## Setup

In [2]:
import torch
from tqdm.auto import tqdm
from transformer_lens import HookedTransformer, ActivationCache, utils
from jaxtyping import Float, Int, Bool
from torch import Tensor
from tqdm.auto import tqdm
import plotly.io as pio
import ipywidgets as widgets
from IPython.display import display, clear_output

pio.renderers.default = "notebook_connected"
device = "cuda" if torch.cuda.is_available() else "cpu"
torch.autograd.set_grad_enabled(False)
torch.set_grad_enabled(False)

from haystack_utils import get_mlp_activations
import haystack_utils

%reload_ext autoreload
%autoreload 2

In [3]:
model = HookedTransformer.from_pretrained("EleutherAI/pythia-70m",
    center_unembed=True,
    center_writing_weights=True,
    fold_ln=True,
    device=device)

german_data = haystack_utils.load_json_data("data/german_europarl.json")
english_data = haystack_utils.load_json_data("data/english_europarl.json")


english_activations = {}
german_activations = {}
for layer in range(3, 4):
    english_activations[layer] = get_mlp_activations(english_data[:200], layer, model, mean=False)
    german_activations[layer] = get_mlp_activations(german_data[:200], layer, model, mean=False)

LAYER_TO_ABLATE = 3
NEURONS_TO_ABLATE = [669]
MEAN_ACTIVATION_ACTIVE = german_activations[LAYER_TO_ABLATE][:, NEURONS_TO_ABLATE].mean()
MEAN_ACTIVATION_INACTIVE = english_activations[LAYER_TO_ABLATE][:, NEURONS_TO_ABLATE].mean()
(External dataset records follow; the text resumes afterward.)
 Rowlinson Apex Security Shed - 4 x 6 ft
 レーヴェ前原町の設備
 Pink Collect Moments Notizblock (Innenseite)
def deactivate_neurons_hook(value, hook):
    value[:, :, NEURONS_TO_ABLATE] = MEAN_ACTIVATION_INACTIVE
    return value
deactivate_neurons_fwd_hooks=[(f'blocks.{LAYER_TO_ABLATE}.mlp.hook_post', deactivate_neurons_hook)]

def activate_neurons_hook(value, hook):
    value[:, :, NEURONS_TO_ABLATE] = MEAN_ACTIVATION_ACTIVE
    return value
activate_neurons_fwd_hooks=[(f'blocks.{LAYER_TO_ABLATE}.mlp.hook_post', activate_neurons_hook)]

all_ignore, not_ignore = haystack_utils.get_weird_tokens(model, plot_norms=False)

Using pad_token, but it is not set yet.


Loaded pretrained model EleutherAI/pythia-70m into HookedTransformer
data/german_europarl.json: Loaded 2000 examples with 152 to 2000 characters each.
data/english_europarl.json: Loaded 2000 examples with 165 to 2000 characters each.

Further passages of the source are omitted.